Donald J. Trump’s “career average approval rating is the lowest for any president in modern polling, back to 1939, and he is the first president in that time never to achieve majority approval at any point,” finds a poll commissioned by ABC News:
Nine in 10 Americans oppose the Jan. 6 attack on the U.S. Capitol, seven in 10 say Donald Trump bears at least some responsibility for it and a majority in a new ABC News/Washington Post poll – 56% – favors efforts in Congress to bar him from holding elected office again.
Fifty-four percent in the national survey also say Trump should be charged criminally with inciting a riot for having encouraged his supporters to march on the Capitol. More, 66%, say he has behaved irresponsibly, more broadly, in his statements and actions since the election.
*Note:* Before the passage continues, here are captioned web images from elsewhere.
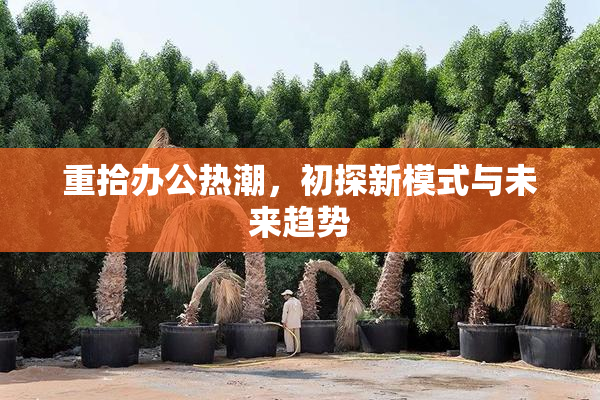 重拾办公热潮，初探新模式与未来趋势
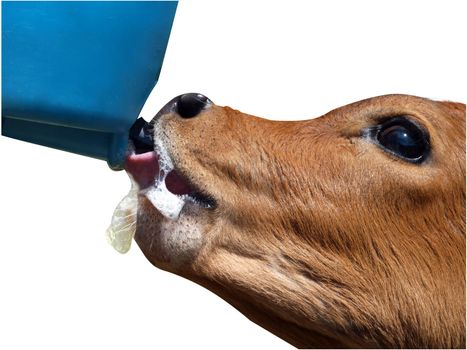 Close up of an Ayrshire Calf feeding isolated with clipping path
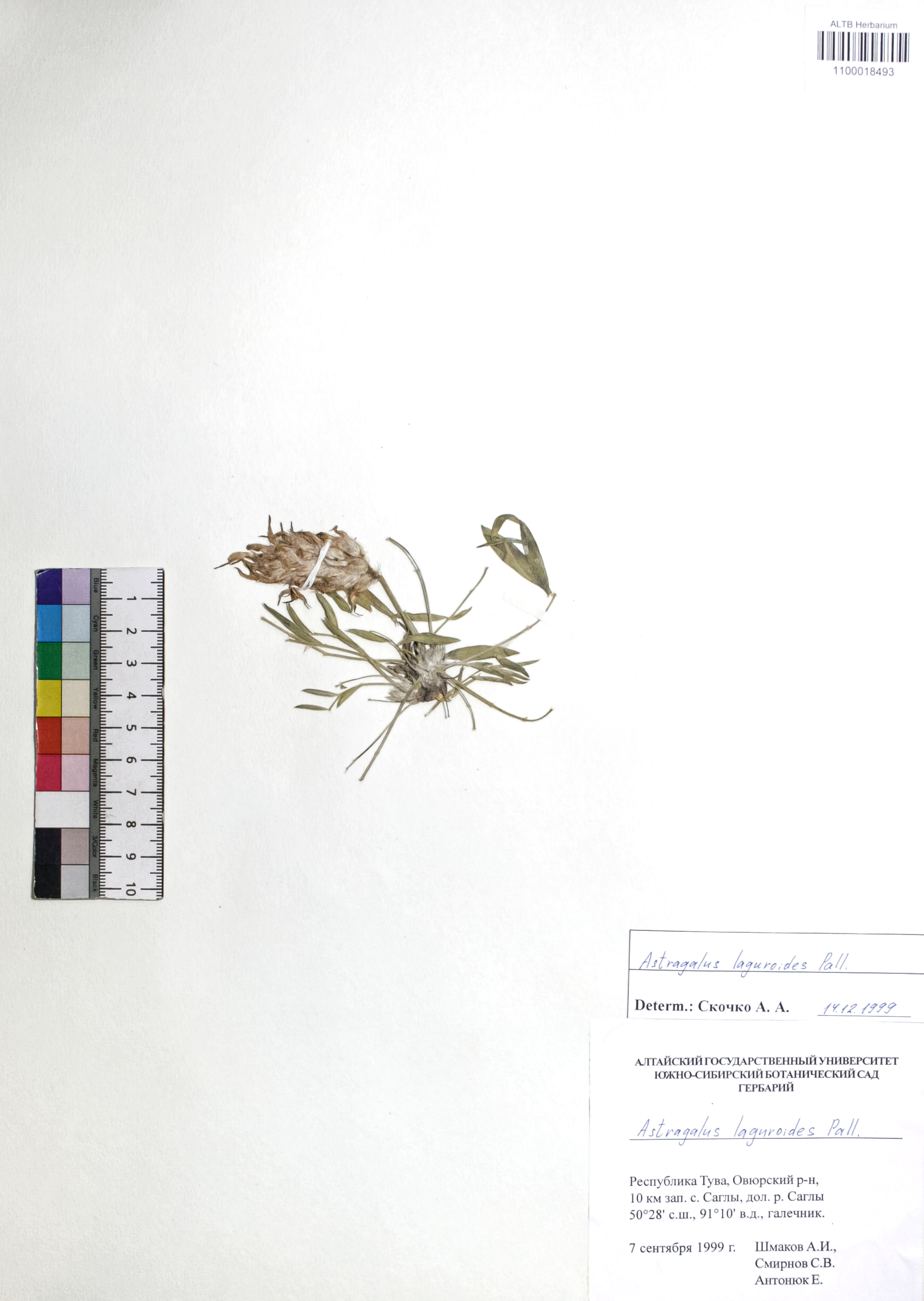 Astragalus laguroides Pall.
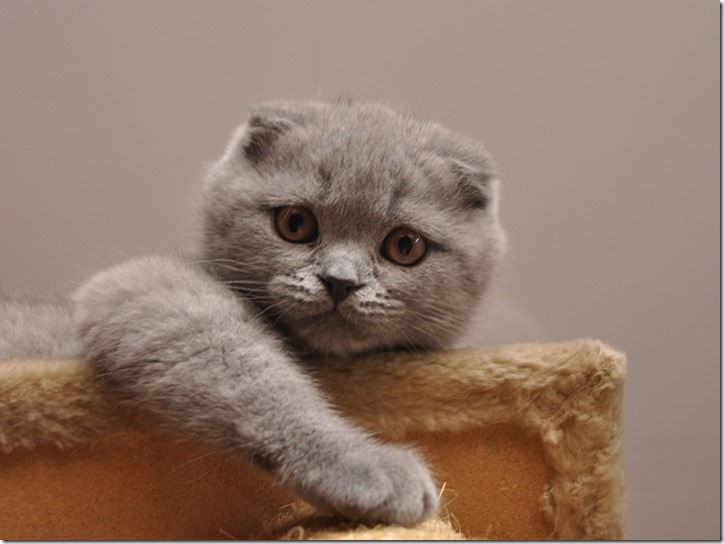Scottish_Fold_lila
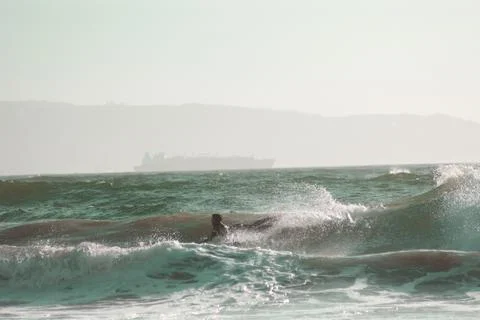 Surfing Reñaca Foto stock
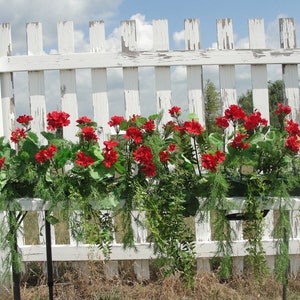 May include: A white picket fence with red geraniums in hanging planters. The planters are on black metal stands.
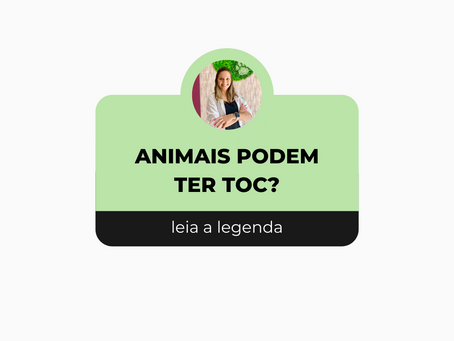 ANIMAIS PODEM TER TOC?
Trump had help, of course, not that he needed help being utterly out of his depth. He appointed family members to White House posts who were way out of theirs. Trump’s chiefs of staff also were far less than stellar.
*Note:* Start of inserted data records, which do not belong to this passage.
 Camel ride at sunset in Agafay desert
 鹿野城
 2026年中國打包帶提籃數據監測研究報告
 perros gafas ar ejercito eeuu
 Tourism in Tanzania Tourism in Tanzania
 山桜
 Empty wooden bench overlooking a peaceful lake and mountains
Rep. Mark Meadows takes the prize for the worst of them, Chris Whipple writes in the Washington Post:
In a secure tent on the Ellipse last week, as President Trump prepared to incite an angry mob ahead of its assault on the U.S. Capitol, White House chief of staff Mark Meadows, smiling from ear to ear, mugged for a video with Donald Trump Jr., as Laura Branigan’s 1982 hit “Gloria” blared in the background.
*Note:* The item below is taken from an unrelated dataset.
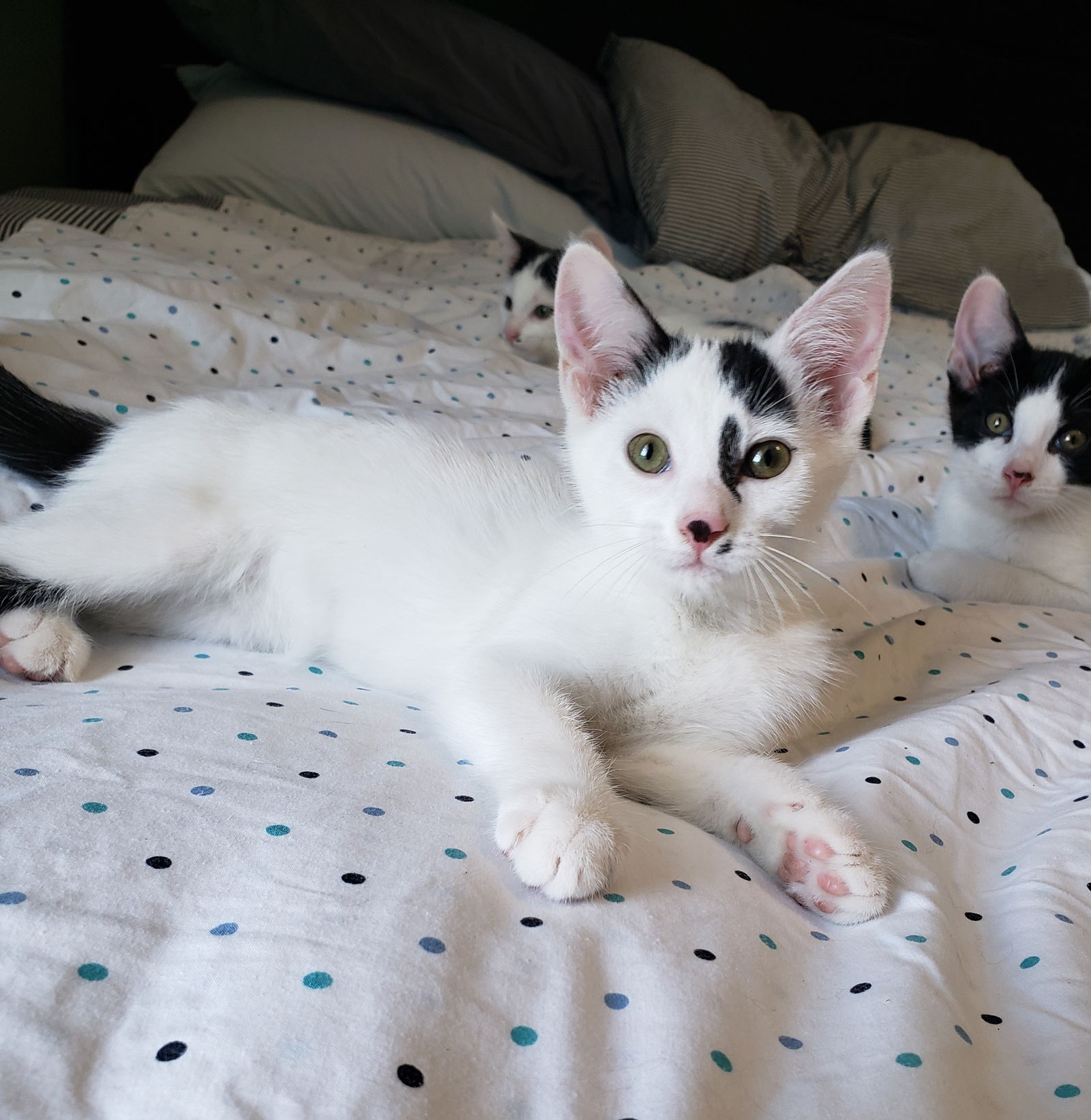 adoptable Cat in Cincinnati, OH named Fifi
For Trump’s glad-handing chief of staff, it was just another day of dutifully holding the president’s coat while the boss took a hammer to democracy. This will be the defining image of Meadows, for which he has earned the title of worst chief of staff in history.
Meadows “has raised sycophancy to an art form,” Whipple adds. Had Trump won reelection, Meadows might have found that title challenged by his NC-11 replacement, Republican Madison Cawthorn. And by Sen. Lindsey Graham, and by Rep. Matt Gaetz and others among the Republican House caucus. The competition is fierce.